Aim of the exercise: The lines to return are the one containing "LED Žárovka ST58" and all that follow it in the entries below, duplicated exactly and nothing else.
Data excerpts section start
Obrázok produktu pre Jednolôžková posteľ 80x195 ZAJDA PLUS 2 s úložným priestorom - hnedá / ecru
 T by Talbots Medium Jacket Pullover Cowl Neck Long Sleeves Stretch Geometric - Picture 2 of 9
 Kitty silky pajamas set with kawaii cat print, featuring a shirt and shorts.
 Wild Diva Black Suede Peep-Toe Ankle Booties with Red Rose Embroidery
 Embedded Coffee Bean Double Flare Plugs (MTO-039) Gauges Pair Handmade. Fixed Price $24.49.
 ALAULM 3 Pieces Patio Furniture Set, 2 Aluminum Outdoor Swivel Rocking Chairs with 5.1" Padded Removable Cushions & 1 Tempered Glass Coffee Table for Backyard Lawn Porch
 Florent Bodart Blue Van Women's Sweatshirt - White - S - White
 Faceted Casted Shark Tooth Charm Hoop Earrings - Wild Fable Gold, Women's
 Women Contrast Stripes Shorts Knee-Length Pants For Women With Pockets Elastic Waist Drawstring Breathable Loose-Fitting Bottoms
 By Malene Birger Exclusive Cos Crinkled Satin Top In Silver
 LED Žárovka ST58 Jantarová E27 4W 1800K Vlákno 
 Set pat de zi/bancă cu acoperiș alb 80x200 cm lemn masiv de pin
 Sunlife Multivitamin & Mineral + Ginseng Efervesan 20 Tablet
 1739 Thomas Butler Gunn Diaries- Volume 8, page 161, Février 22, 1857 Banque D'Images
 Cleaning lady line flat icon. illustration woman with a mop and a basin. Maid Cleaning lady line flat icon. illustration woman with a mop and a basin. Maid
Data excerpts section end
Exercise result:
 LED Žárovka ST58 Jantarová E27 4W 1800K Vlákno 
 Set pat de zi/bancă cu acoperiș alb 80x200 cm lemn masiv de pin
 Sunlife Multivitamin & Mineral + Ginseng Efervesan 20 Tablet
 1739 Thomas Butler Gunn Diaries- Volume 8, page 161, Février 22, 1857 Banque D'Images
 Cleaning lady line flat icon. illustration woman with a mop and a basin. Maid Cleaning lady line flat icon. illustration woman with a mop and a basin. Maid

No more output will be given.